Christos Papadopoulos

Personal information
- Date of birth: 1 November 2004 (age 21)
- Place of birth: Larissa, Greece
- Height: 1.88 m (6 ft 2 in)
- Position: Midfielder

Team information
- Current team: Levadiakos
- Number: 74

Youth career
- 0000–2021: Falaniakos
- 2021: Aetos Makrychori
- 2022: Iraklis Larissa
- 2022–2024: Genoa

Senior career*
- Years: Team / Apps / (Gls)
- 2024–2026: Genoa / 1 / (0)
- 2024–2025: → Juventus Next Gen (loan) / 19 / (1)
- 2024–2025: → Juventus (loan) / 0 / (0)
- 2025–2026: → Atalanta U23 (loan) / 5 / (0)
- 2026–: Levadiakos / 6 / (0)

International career^{‡}
- 2024–: Greece U21 / 2 / (0)

= Christos Papadopoulos (footballer) =

Greek footballer (born 2004)

Christos Papadopoulos (Χρήστος Παπαδόπουλος; born 1 November 2004) is a Greek professional footballer who plays as a midfielder for Super League club Levadiakos.

==Club career==
As a youth player, Papadopoulos joined the youth academy of Greek side Falaniakos. In 2021, he joined the youth academy of Greek side Aetos Makrychori before joining the youth academy of Greek side Iraklis Larissa in 2022. The same year, he joined the youth academy of Serie A side Genoa, where he started his senior career. On 5 May 2024, he debuted for the club during a 3–3 away draw with Milan in the league. Ahead of the 2024–25 season, he was sent on loan to Serie A side Juventus, where he also played for the club's reserve team.

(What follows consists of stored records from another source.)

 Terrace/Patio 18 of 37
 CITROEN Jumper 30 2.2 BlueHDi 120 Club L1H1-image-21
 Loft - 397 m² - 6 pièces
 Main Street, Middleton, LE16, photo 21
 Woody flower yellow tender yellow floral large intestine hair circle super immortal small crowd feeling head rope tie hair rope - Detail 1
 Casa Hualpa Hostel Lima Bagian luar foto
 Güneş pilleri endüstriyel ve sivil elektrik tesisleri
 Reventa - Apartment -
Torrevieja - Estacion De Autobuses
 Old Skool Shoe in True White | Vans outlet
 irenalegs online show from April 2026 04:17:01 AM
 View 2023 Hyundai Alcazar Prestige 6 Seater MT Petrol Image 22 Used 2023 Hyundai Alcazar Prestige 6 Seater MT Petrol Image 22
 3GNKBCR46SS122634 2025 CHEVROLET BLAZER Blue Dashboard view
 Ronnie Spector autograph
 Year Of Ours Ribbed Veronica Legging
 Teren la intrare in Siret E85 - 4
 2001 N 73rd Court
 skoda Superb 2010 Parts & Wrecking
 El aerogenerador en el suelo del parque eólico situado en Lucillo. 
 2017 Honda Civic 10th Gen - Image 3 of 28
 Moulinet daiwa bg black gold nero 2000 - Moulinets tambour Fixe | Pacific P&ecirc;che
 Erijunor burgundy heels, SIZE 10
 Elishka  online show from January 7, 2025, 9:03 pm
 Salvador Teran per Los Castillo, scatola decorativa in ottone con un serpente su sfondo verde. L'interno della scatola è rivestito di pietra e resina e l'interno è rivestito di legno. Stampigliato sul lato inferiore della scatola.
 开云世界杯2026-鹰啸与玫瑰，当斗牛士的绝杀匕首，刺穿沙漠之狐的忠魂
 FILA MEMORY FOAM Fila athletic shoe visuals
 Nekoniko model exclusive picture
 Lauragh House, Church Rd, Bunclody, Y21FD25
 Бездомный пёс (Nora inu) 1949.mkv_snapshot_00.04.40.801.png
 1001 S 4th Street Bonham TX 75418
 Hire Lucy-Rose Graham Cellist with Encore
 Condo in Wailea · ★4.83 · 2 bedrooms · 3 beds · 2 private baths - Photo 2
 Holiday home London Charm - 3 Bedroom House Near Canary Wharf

On 30 August 2025, he was loaned to another Serie C reserve team, Atalanta U23.

On 28 January 2026, Papadopoulos signed for Super League Greece side Levadiakos.

==Style of play==
Papadopolous plays as a midfielder and is left-footed. Italian newspaper Tuttosport wrote that "he has excellent physical strength that allows him to give substance to the... midfield".